Bhumika is a 1977 Hindi film directed by Shyam Benegal and has Smita Patil, Amol Palekar, Anant Nag, Naseeruddin Shah, and Amrish Puri in prominent roles. Said to be based on a memoir of Marathi actress Hansa Wadkar, Bhumika tells the story of an actress and her search for identity and self-fulfillment.
Bhumika was critically acclaimed, noted for the strong performance of Smita Patil, and went on to win many National and International Film Awards. It is considered one of the landmark films of Hindi Cinema.
Cast
- Smita Patil – Usha
- Amol Palekar – Keshav Dalvi
- Anant Nag – Rajan
- Amrish Puri – Vinayak Kale
- Naseeruddin Shah – Sunil Verma
- Dina Pathak – Mrs. Kale
- Kulbhushan Kharbanda – Harilal
- Sulabha Deshpande – Shanta
- Mohan Agashe – Siddharth Sutar
Crew
- Direction – Shyam Benegal
- Screenplay – Shyam Benegal, Girish Karnad
- Dialogues – Satyadev Dubey
- Story – Hansa Wadkar
- Music -Vanraj Bhatia
- Lyrics – Majrooh Sultanpuri, Vasant Dev
- Cinematography – Govind Nihalani
- Editing – Bhanudas Divakar, Ramnik Patel
Story
Bhumika is the story of Usha, a singer-actress in Maharashtra. As a child, she lives a fitful, unhappy life with her mother, grandmother, and an asthmatic father who is trying to drown his miseries into the bottle of liquor. Usha’s only escape from the overbearing world around her is her lonely flights into the woods and music, taught by her grandmother. It is then that Keshav comes into her life.
Keshav Dalvi is a family friend, and though a decade older than Usha, he has his eyes set on her. After the death of Usha’s father, Keshav steps in as the new man of the house. He recognized Usha’s talent and brings the family to Bombay where she gets selected in an audition. This is when the second chapter of her life begins.
Usha rises fast in the film industry. Her co-star in several films, Rajan, is enamored by her. Upon seeing them coming close, a sense of jealousy and insecurity starts engulfing Keshav and he persuades Usha to marry her. Usha agrees to Keshav’s proposal, and also resolves to stop acting after her marriage. However, Keshav is not doing well in his business and the family needs her earnings, so she continues to work on screen. With time Usha has a daughter, but marital happiness and peace elude her. She feels suffocated in this relationship and runs to Rajan. However, he develops cold feet and would not take the plunge.
At this juncture, a new man enters Usha’s life, a young but nihilistic and self-centered director, Sunil Verma. She is taken by his charm and sophistication. When she gets pregnant, her husband forces her to have an abortion. Distraught, she cuts ties with Keshav has a liaison with Vinayak Kale, a wealthy landlord who takes her as a mistress.

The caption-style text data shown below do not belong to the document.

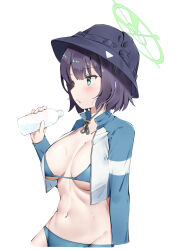 Rule 34 | 1girl, absurdres, bikini, blue archive, blue bikini, blush, bottle, breasts, breasts apart, bucket hat, groin, halo, hat, highres, holding, holding bottle, komasi, large breasts, navel, open swimsuit, rash guard, saki (blue archive), saki (swimsuit) (blue archive), simple background, solo, stomach, sweatdrop, swimsuit, white background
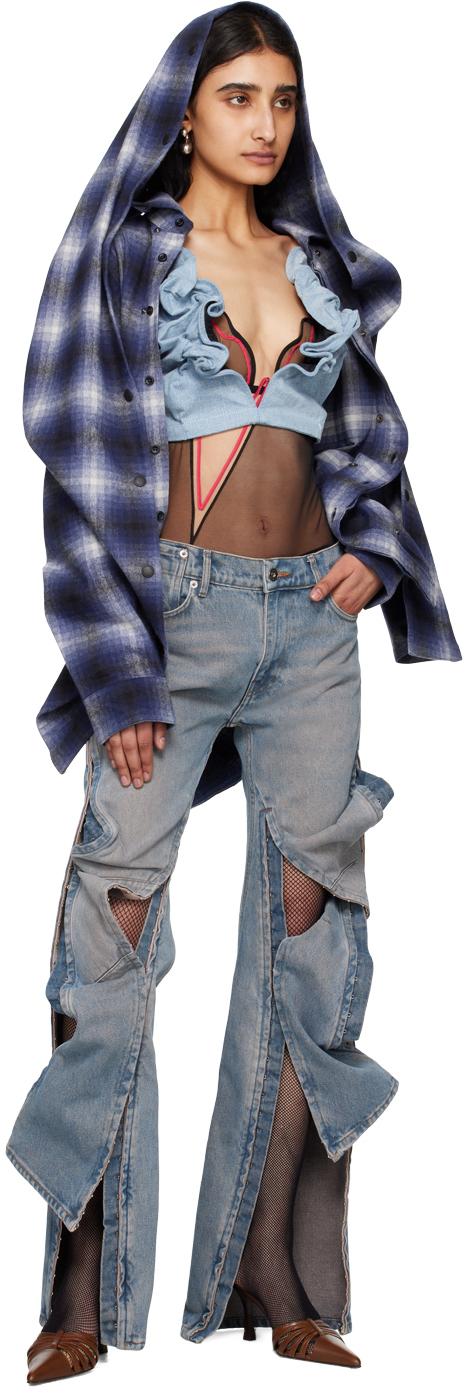 デニム・ジーパン Y/Project 'Hook And Eye' Jeans Y/Project Hook And Eye Jeans | Blue | FARFETCH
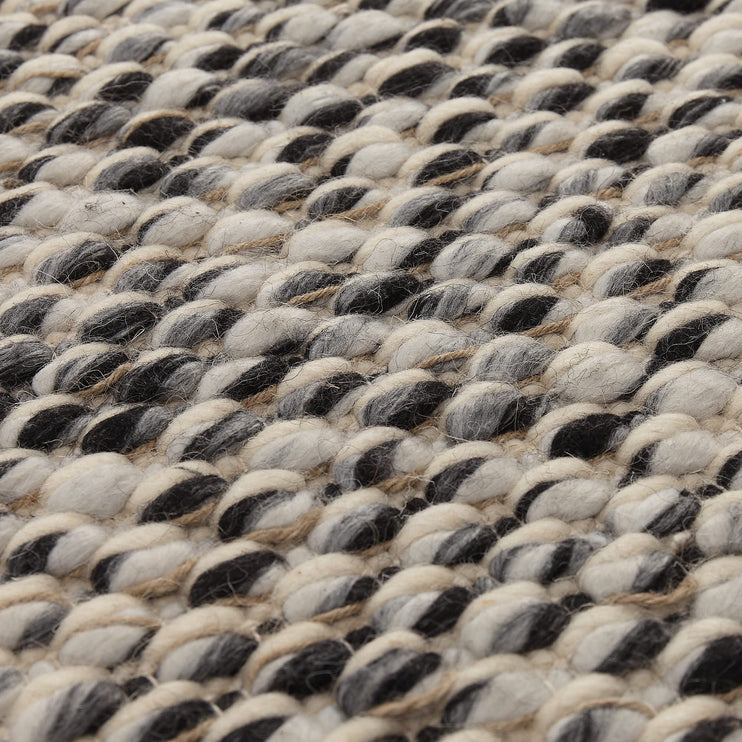 Teppich Salo Anthrazit-Melange & Naturweiß & Natur, 55% Wolle & 40% Polyester & 5% Jute | Hochwertige Wohnaccessoires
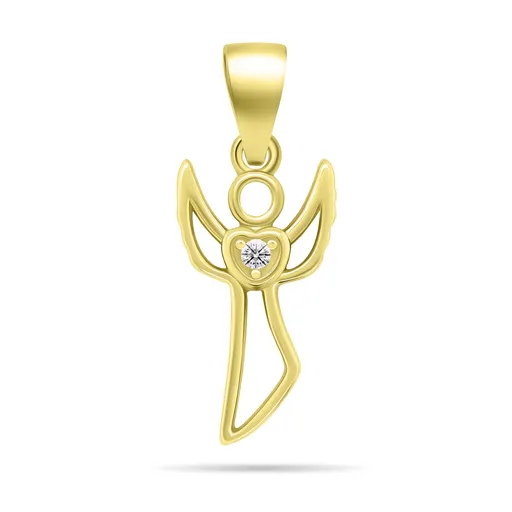 Brilio Silver Slušivý pozlacený přívěsek Andělíček PT122Y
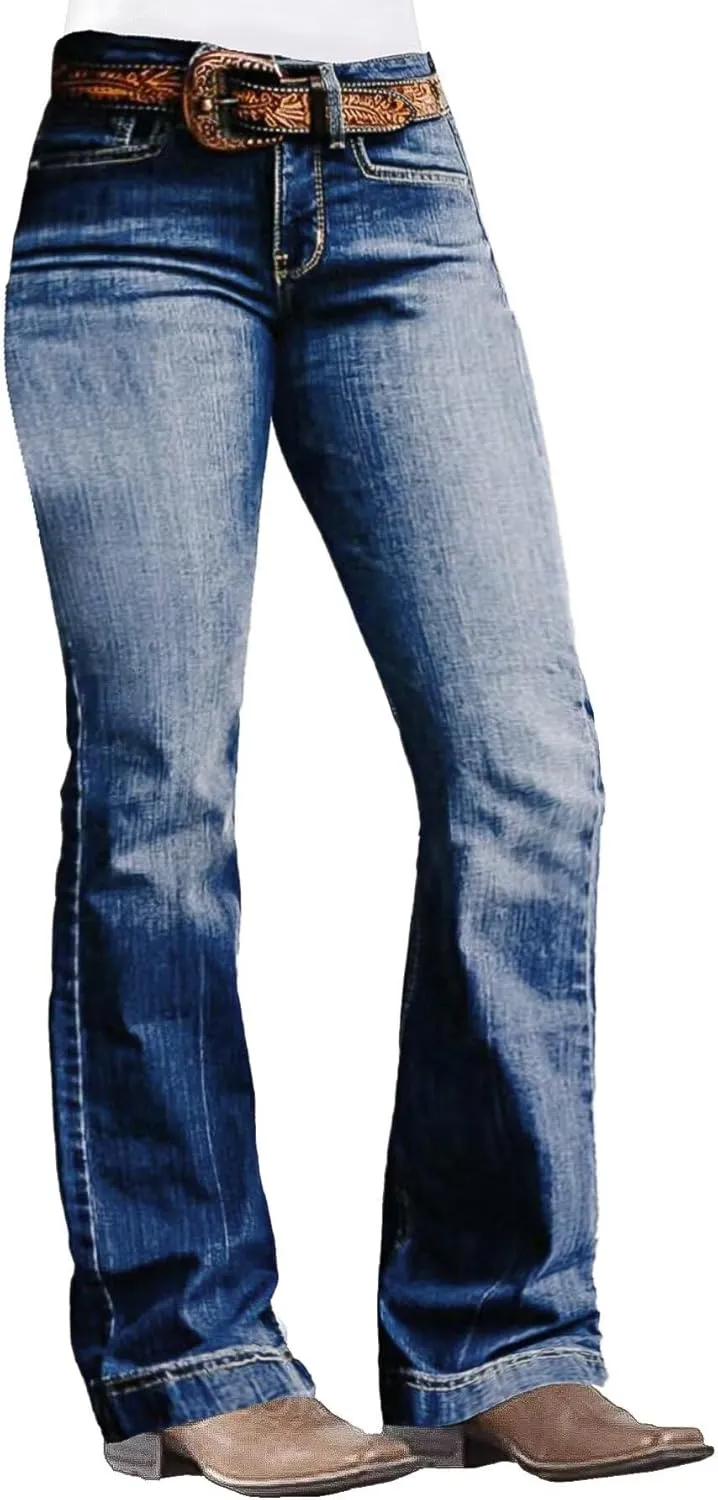 Flamingals Mid Waist Boot Cut Jeans for Women Straight Leg Jeans Cowgirl Trendy Jeans Denim Pants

However, after a while, she starts feeling like a prisoner in his patriarchal household and writes to her estranged husband, who rescues her with the help of the police. He brings her back to Bombay, a city that still remembers her, to a drab hotel.

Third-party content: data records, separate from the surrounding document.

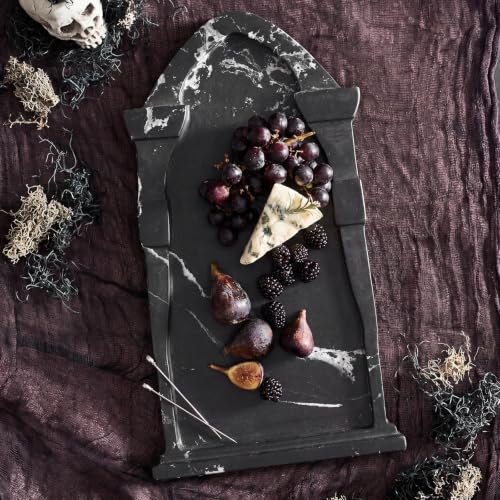 Halloween Coffin Marble Charcuterie Board Black Tombstone Serving Tray - Coffin Box Variation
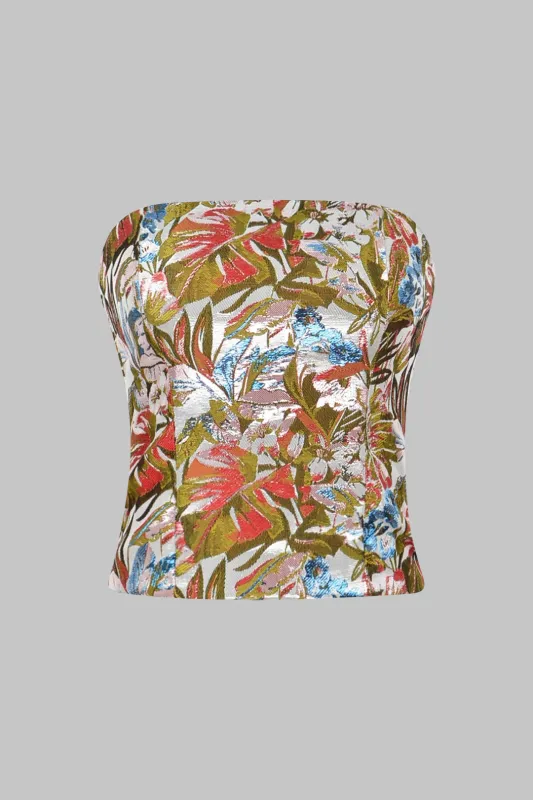 Jacquard lynlås stroppeløs rør top sold by Micas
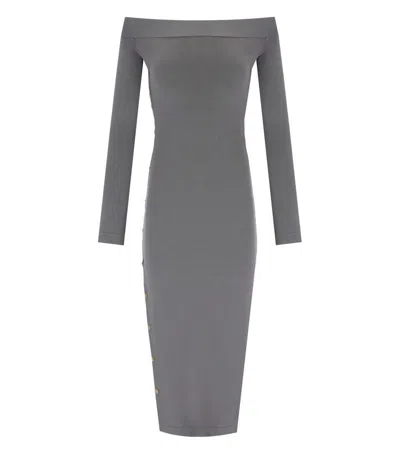 ELISABETTA FRANCHI ELISABETTA FRANCHI STEEL KNITTED MIDI DRESS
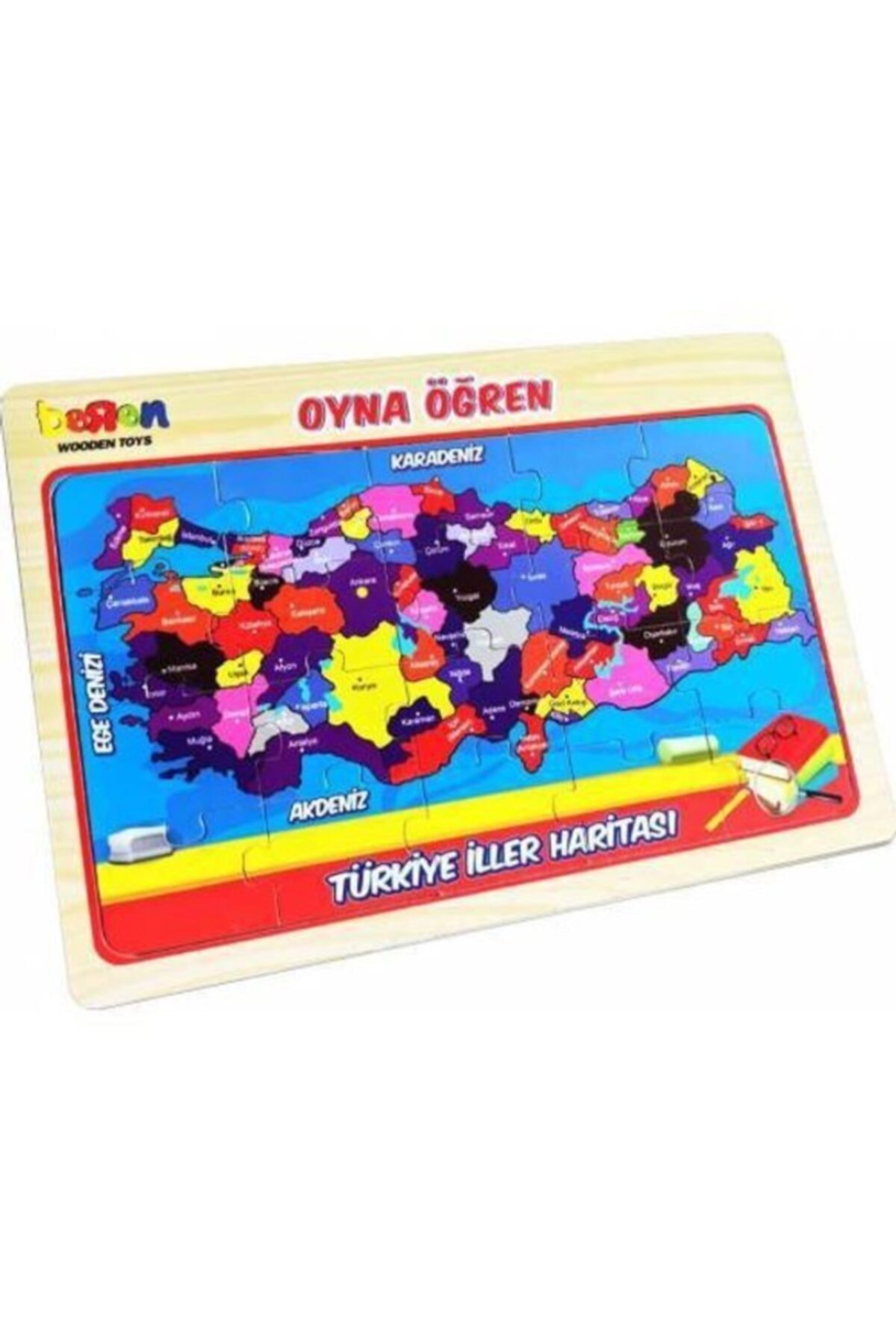Kesman Kitap Eğitici Renkli Ahşap Türkiye Haritası Puzzle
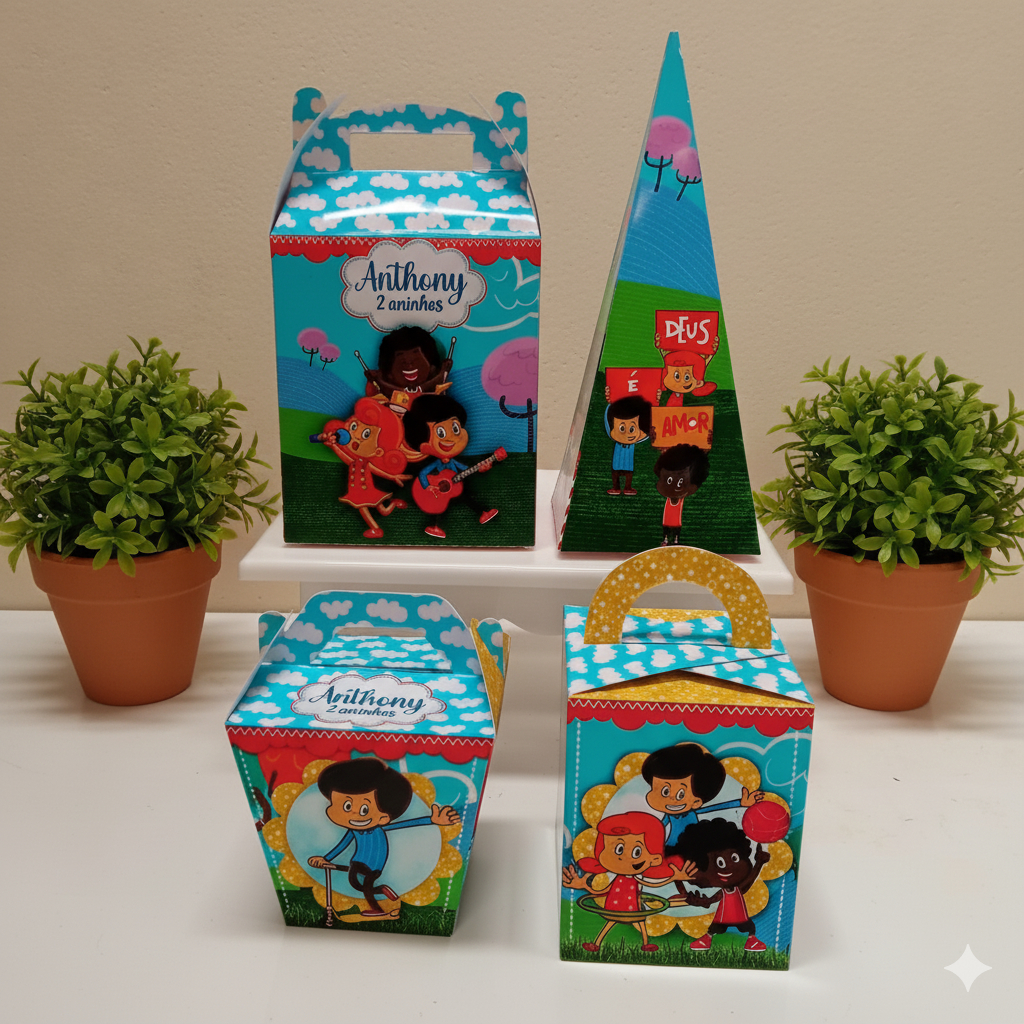 Kit lembrancinha de festa caixinhas personalizada 3 palavrinhas, Kit festa, decoração todos os temas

Usha returns to find her daughter grown up and married, coming to terms with the journey she has undertaken without finding any meaning of fulfillment. The film concludes with Usha, alone in her hotel room, receiving a phone call from Rajan.
Commentary
The 1970s saw the dawn of Shyam Benegal in the Hindi Cinema. When the mainstream Bollywood was waking up to the angry young man, Benegal was busy making films like Ankur, Nishant, and Manthan, which had strong female characters in a largely patriarchal society. In Bhumika, the woman is the central theme of the film. While Keshav, Rajan, Sunil, and Vinayak get strong roles, the film essentially revolves around Usha, Bhumika remains her story.
In an era when narratives were set by men, Bhumika carried a woman’s point of view. With this film, we embark on a journey to watch the transformation of Usha from a naïve child to a restless woman who is trying to figure out who she is and what does she want from life and relationships. Talking of relationships, Benegal does not measure them from the eyes of a man. There are no war cries of feminism, the discontent is a subtle undercurrent. There are no dramatic victories either. Trapped in unequal and suffocating relationships, Usha keeps trying to break free, only to be held back by the chains of the society and told, “beds change, men don’t”. The stark realities of life never give way to fantasies of a grand revolution.
Bhumika was based on the autobiography of Marathi theatre and film actress of the 1940s, Hansa Wadkar who led a life that was unconventional and rebellious by the standards of that time. She could not have been portrayed better by someone other than Smita Patil, who stands tall above everyone else in a role of a lifetime.
[First published in the article ‘To Dream the Possible Dream’ – Shankar Menon, 1978]
Bhumika, untouched by political idealism and strongly sensitive to the agonies of a talented woman, will perhaps get the best reception from critics. Audiences have always responded to his (Benegal) films, but here may well respond least of all. Shyam Benegal here talks most to the concerned intellectual (it is unfortunate that the unconcerned intellectuals number so many) and popular appeal is therefore likely to be limited.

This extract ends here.